İnsan mıyız ki hakkımız olsun
10 Aralık Dünya İnsan Hakları günüydü. Ben dünyaya Karasu’dan bakıyorum. Karasu’daki insanın hakları da insan hakkı olmalı.
Karasu’daki insan neyse, Amerika’daki insan da o olmalı. Madem ki insan haklarından bahsediyoruz, o zaman Karasu’dan bakalım.
Karasu’da sağlık konusunda yeterince iyi hizmet aldığımızı düşünüyor muyuz? Düşünüyorsak insanız.
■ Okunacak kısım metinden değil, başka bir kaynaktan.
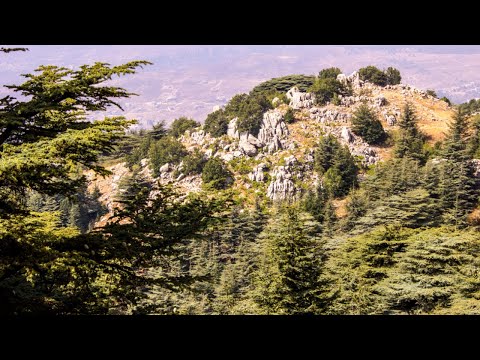 Cedars of Lebanon and their Significance in the Bible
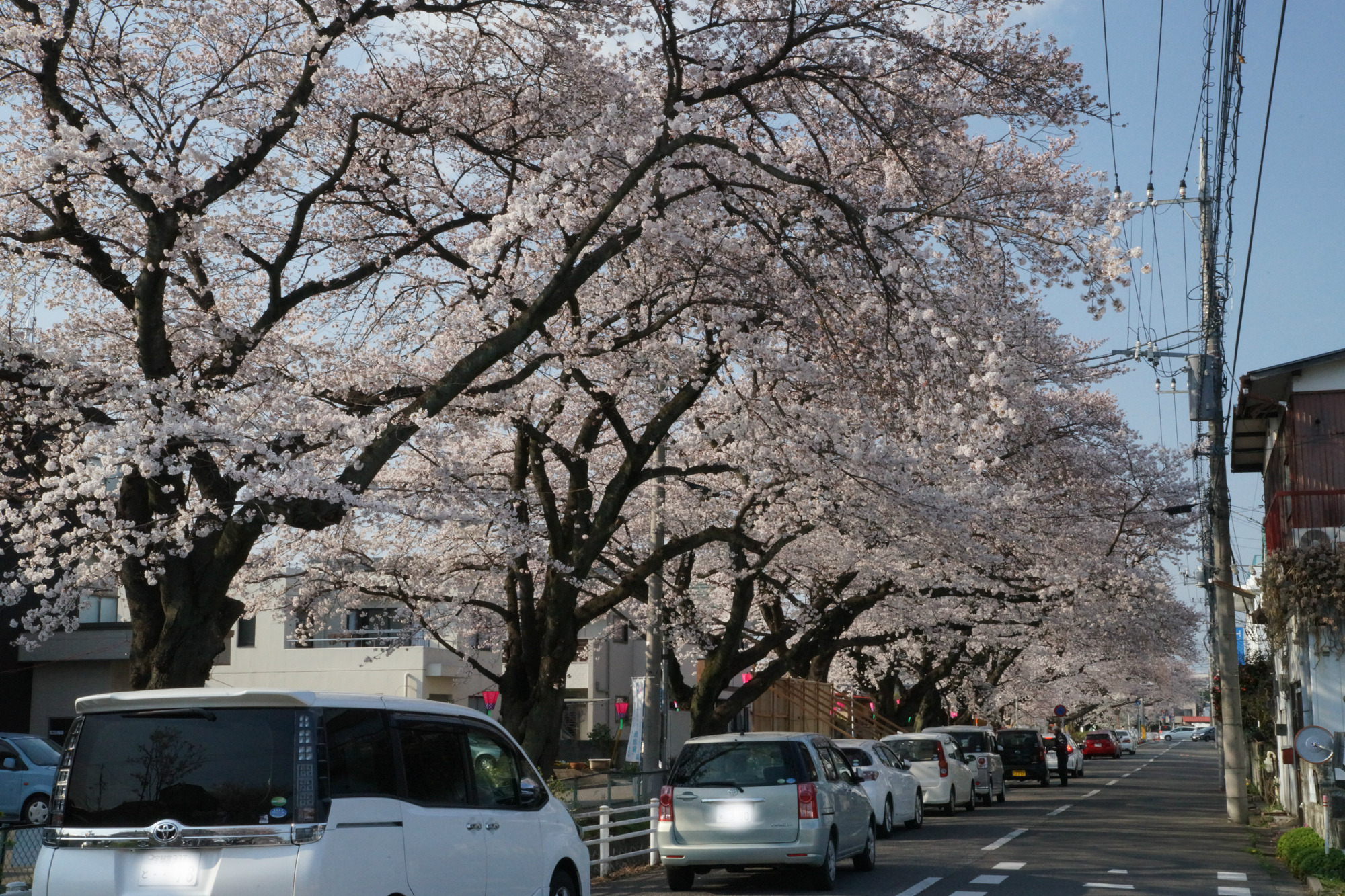 2018年3月28日(水)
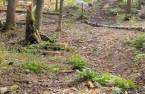 Terre/Terrain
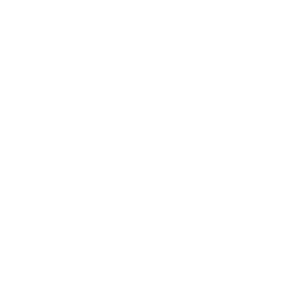 individual icons white (1)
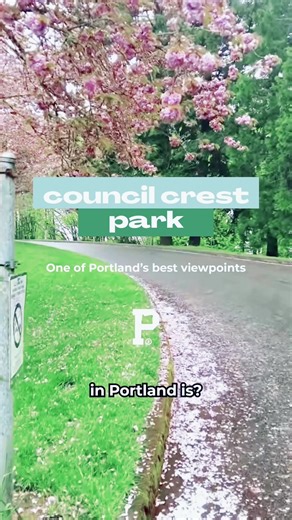 Exploring Council Crest Park: Portland's Highest Point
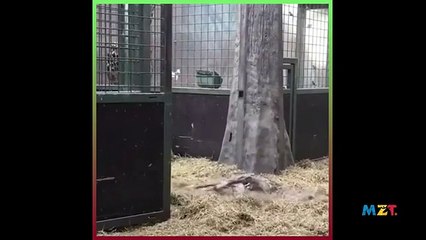 Buitengebieden - First steps of a baby giraffe--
Ama hastanemizde doktor eksiği olduğunu bildiğimiz halde bunu dert etmiyorsak insanlığımızı tartışmalıyız.
Karasu’da uyuşturucu kullananların ve uyuşturucuya ulaşma imkanının fazla olduğunu düşünüyor muyuz? Bu durumda güvenliğimizin ve geleceğimizin garantide olduğunu düşünüyor muyuz? Eğer güvendeysek sıkıntı yok. Ama değilse ve tepki vermiyorsak insan hakkımızdan vazgeçtiğimiz ortaya çıkar mı çıkmaz mı?
Tarımsal üretimde hak ettiğimizi aldığımızı düşünüyor muyuz? Ürettiğimiz fındığın yurt dışı satış fiyatı üzerinden hakkımızı aldığımızı düşünüyor muyuz? Alıyorsak sıkıntı yok. Almıyor ama kimseye de şikayetimizi dile getirmiyorsak insan hakkımızdan feragat etmiş olmaz mıyız?
Sokaklarımızda çukurdan yürüyemiyoruz, ekonomik kriz var, araba alamıyoruz, uyuşturucu ile burun buruna yaşıyoruz, ürettiğimizi değerinden satamıyoruz ve insan hakları günü kutluyoruz.
Biz insanca yaşamıyoruz ki günümüz olsun, insanca yaşayanların insan hakları günü kutlu olsun.